**Input**
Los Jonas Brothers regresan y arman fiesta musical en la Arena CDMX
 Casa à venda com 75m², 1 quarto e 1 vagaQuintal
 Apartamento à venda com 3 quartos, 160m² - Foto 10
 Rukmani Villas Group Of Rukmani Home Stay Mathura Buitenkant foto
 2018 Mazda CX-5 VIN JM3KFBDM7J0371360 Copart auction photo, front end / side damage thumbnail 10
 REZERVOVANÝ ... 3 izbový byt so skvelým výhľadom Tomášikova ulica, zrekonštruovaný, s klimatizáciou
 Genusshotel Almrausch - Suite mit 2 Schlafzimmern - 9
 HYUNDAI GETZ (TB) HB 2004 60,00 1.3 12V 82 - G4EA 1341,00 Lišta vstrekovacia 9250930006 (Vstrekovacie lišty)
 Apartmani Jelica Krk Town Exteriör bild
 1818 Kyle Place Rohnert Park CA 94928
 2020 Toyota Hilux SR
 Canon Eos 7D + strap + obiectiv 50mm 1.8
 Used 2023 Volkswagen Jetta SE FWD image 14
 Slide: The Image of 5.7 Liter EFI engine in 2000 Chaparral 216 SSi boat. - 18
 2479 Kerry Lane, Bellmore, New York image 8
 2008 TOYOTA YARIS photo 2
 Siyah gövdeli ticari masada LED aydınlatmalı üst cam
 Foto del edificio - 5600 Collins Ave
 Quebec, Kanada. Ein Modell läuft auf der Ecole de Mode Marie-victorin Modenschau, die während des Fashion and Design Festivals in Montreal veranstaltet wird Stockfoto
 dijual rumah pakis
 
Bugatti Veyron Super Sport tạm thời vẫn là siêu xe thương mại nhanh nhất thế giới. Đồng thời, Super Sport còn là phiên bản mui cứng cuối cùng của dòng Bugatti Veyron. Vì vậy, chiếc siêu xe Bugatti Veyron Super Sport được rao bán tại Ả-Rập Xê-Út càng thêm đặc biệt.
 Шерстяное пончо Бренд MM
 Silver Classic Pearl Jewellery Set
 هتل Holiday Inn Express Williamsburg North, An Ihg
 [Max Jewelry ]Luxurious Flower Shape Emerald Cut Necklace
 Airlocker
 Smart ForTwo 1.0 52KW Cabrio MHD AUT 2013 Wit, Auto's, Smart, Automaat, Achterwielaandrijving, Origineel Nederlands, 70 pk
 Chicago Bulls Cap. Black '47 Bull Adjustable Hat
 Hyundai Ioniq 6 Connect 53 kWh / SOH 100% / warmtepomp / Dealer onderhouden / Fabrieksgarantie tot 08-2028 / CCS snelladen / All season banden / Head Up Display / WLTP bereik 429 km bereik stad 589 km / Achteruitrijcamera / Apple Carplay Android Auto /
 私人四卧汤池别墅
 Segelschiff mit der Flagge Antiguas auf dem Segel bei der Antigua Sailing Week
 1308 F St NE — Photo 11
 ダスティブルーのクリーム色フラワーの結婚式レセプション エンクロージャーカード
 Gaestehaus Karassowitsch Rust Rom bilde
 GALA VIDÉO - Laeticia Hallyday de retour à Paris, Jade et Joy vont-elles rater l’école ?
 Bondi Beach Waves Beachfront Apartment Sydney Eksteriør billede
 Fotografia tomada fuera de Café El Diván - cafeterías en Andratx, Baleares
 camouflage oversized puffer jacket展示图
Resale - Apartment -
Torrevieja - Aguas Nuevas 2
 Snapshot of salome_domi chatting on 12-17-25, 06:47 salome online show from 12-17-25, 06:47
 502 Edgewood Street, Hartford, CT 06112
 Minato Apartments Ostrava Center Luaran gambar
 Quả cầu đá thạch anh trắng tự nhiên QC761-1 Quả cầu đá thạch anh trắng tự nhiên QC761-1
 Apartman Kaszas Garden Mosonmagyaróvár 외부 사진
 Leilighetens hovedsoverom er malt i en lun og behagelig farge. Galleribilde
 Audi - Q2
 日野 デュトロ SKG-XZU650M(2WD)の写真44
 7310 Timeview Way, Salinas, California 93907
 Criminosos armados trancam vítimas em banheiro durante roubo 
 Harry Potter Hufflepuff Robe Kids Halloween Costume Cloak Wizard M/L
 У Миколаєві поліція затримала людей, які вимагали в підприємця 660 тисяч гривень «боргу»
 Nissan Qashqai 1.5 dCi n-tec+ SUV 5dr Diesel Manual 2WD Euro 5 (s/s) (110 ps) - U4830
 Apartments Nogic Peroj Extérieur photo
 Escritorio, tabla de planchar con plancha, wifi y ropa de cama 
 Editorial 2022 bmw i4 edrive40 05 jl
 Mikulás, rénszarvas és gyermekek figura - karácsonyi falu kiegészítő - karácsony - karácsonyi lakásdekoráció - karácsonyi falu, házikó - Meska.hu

**Problem**
Reproduce all the entries above. Match them exactly.

**Response below**
Los Jonas Brothers regresan y arman fiesta musical en la Arena CDMX
 Casa à venda com 75m², 1 quarto e 1 vagaQuintal
 Apartamento à venda com 3 quartos, 160m² - Foto 10
 Rukmani Villas Group Of Rukmani Home Stay Mathura Buitenkant foto
 2018 Mazda CX-5 VIN JM3KFBDM7J0371360 Copart auction photo, front end / side damage thumbnail 10
 REZERVOVANÝ ... 3 izbový byt so skvelým výhľadom Tomášikova ulica, zrekonštruovaný, s klimatizáciou
 Genusshotel Almrausch - Suite mit 2 Schlafzimmern - 9
 HYUNDAI GETZ (TB) HB 2004 60,00 1.3 12V 82 - G4EA 1341,00 Lišta vstrekovacia 9250930006 (Vstrekovacie lišty)
 Apartmani Jelica Krk Town Exteriör bild
 1818 Kyle Place Rohnert Park CA 94928
 2020 Toyota Hilux SR
 Canon Eos 7D + strap + obiectiv 50mm 1.8
 Used 2023 Volkswagen Jetta SE FWD image 14
 Slide: The Image of 5.7 Liter EFI engine in 2000 Chaparral 216 SSi boat. - 18
 2479 Kerry Lane, Bellmore, New York image 8
 2008 TOYOTA YARIS photo 2
 Siyah gövdeli ticari masada LED aydınlatmalı üst cam
 Foto del edificio - 5600 Collins Ave
 Quebec, Kanada. Ein Modell läuft auf der Ecole de Mode Marie-victorin Modenschau, die während des Fashion and Design Festivals in Montreal veranstaltet wird Stockfoto
 dijual rumah pakis
 
Bugatti Veyron Super Sport tạm thời vẫn là siêu xe thương mại nhanh nhất thế giới. Đồng thời, Super Sport còn là phiên bản mui cứng cuối cùng của dòng Bugatti Veyron. Vì vậy, chiếc siêu xe Bugatti Veyron Super Sport được rao bán tại Ả-Rập Xê-Út càng thêm đặc biệt.
 Шерстяное пончо Бренд MM
 Silver Classic Pearl Jewellery Set
 هتل Holiday Inn Express Williamsburg North, An Ihg
 [Max Jewelry ]Luxurious Flower Shape Emerald Cut Necklace
 Airlocker
 Smart ForTwo 1.0 52KW Cabrio MHD AUT 2013 Wit, Auto's, Smart, Automaat, Achterwielaandrijving, Origineel Nederlands, 70 pk
 Chicago Bulls Cap. Black '47 Bull Adjustable Hat
 Hyundai Ioniq 6 Connect 53 kWh / SOH 100% / warmtepomp / Dealer onderhouden / Fabrieksgarantie tot 08-2028 / CCS snelladen / All season banden / Head Up Display / WLTP bereik 429 km bereik stad 589 km / Achteruitrijcamera / Apple Carplay Android Auto /
 私人四卧汤池别墅
 Segelschiff mit der Flagge Antiguas auf dem Segel bei der Antigua Sailing Week
 1308 F St NE — Photo 11
 ダスティブルーのクリーム色フラワーの結婚式レセプション エンクロージャーカード
 Gaestehaus Karassowitsch Rust Rom bilde
 GALA VIDÉO - Laeticia Hallyday de retour à Paris, Jade et Joy vont-elles rater l’école ?
 Bondi Beach Waves Beachfront Apartment Sydney Eksteriør billede
 Fotografia tomada fuera de Café El Diván - cafeterías en Andratx, Baleares
 camouflage oversized puffer jacket展示图
Resale - Apartment -
Torrevieja - Aguas Nuevas 2
 Snapshot of salome_domi chatting on 12-17-25, 06:47 salome online show from 12-17-25, 06:47
 502 Edgewood Street, Hartford, CT 06112
 Minato Apartments Ostrava Center Luaran gambar
 Quả cầu đá thạch anh trắng tự nhiên QC761-1 Quả cầu đá thạch anh trắng tự nhiên QC761-1
 Apartman Kaszas Garden Mosonmagyaróvár 외부 사진
 Leilighetens hovedsoverom er malt i en lun og behagelig farge. Galleribilde
 Audi - Q2
 日野 デュトロ SKG-XZU650M(2WD)の写真44
 7310 Timeview Way, Salinas, California 93907
 Criminosos armados trancam vítimas em banheiro durante roubo 
 Harry Potter Hufflepuff Robe Kids Halloween Costume Cloak Wizard M/L
 У Миколаєві поліція затримала людей, які вимагали в підприємця 660 тисяч гривень «боргу»
 Nissan Qashqai 1.5 dCi n-tec+ SUV 5dr Diesel Manual 2WD Euro 5 (s/s) (110 ps) - U4830
 Apartments Nogic Peroj Extérieur photo
 Escritorio, tabla de planchar con plancha, wifi y ropa de cama 
 Editorial 2022 bmw i4 edrive40 05 jl
 Mikulás, rénszarvas és gyermekek figura - karácsonyi falu kiegészítő - karácsony - karácsonyi lakásdekoráció - karácsonyi falu, házikó - Meska.hu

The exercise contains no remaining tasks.